FIG. 12C is a side view illustrating a method for collecting a residual fiber.

FIG. 12D is a side view illustrating a method for collecting a residual fiber.

DESCRIPTION OF EMBODIMENTS

The configuration of a sheet manufacturing apparatus 1 will be described below with reference to the drawings. In each of the following drawings, three axes orthogonal to each other are referred to as an X axis, a Y axis, and a Z axis. A direction along the X axis is referred to as an “X direction”, a direction along the Y axis is referred to as a “Y direction”, and a direction along the Z axis is referred to as a “Z direction”. An arrow direction is referred to as a + direction, and a direction opposite to the + direction is referred to as a—direction. A view from the +Z direction or the −Z direction is referred to as a plan view or planar.
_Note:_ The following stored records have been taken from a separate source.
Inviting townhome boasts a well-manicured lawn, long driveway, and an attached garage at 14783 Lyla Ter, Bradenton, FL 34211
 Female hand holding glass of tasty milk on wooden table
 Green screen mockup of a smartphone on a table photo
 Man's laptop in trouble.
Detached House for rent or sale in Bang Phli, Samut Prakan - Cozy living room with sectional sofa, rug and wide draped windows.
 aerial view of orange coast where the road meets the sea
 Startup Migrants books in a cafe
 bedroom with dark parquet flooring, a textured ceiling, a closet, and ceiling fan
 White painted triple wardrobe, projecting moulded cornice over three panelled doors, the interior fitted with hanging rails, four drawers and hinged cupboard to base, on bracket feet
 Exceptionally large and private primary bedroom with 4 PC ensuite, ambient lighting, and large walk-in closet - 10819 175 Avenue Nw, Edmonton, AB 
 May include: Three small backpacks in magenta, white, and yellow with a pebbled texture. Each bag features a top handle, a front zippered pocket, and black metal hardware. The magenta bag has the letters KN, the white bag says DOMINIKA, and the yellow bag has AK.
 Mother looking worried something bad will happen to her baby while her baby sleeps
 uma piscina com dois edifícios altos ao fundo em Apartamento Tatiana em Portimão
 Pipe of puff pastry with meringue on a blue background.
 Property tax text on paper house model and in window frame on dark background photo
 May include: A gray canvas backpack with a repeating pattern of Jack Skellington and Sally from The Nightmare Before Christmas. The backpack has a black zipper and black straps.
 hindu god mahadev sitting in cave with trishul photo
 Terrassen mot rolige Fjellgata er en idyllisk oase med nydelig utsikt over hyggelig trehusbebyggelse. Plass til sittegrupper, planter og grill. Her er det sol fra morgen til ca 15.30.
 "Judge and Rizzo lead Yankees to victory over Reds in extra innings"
In addition, in the sheet manufacturing apparatus 1, a leading side in a transport direction of a raw material, a web, a sheet, and the like may be referred to as a downstream side, and a trailing side in the transport direction may be referred to as an upstream side.

First, a configuration of the sheet manufacturing apparatus 1 will be described with reference to FIG. 1. The sheet manufacturing apparatus 1 manufactures

sheets from a material containing a fiber (hereinafter referred to as a fiber material). In the following, used paper C will be described as an example of the fiber material, but the fiber material may be a mass of other kinds of fibers, such as cotton, wool, polyester, and a mixture thereof. The sheet manufacturing apparatus 1 regenerates sheets from pieces of paper, such as used paper, in a dry process. The sheet manufacturing apparatus 1 is not limited to a dry type apparatus and may be a wet type apparatus. In the present specification, the dry type means that the process is not performed in a liquid, but in air, such as the atmosphere.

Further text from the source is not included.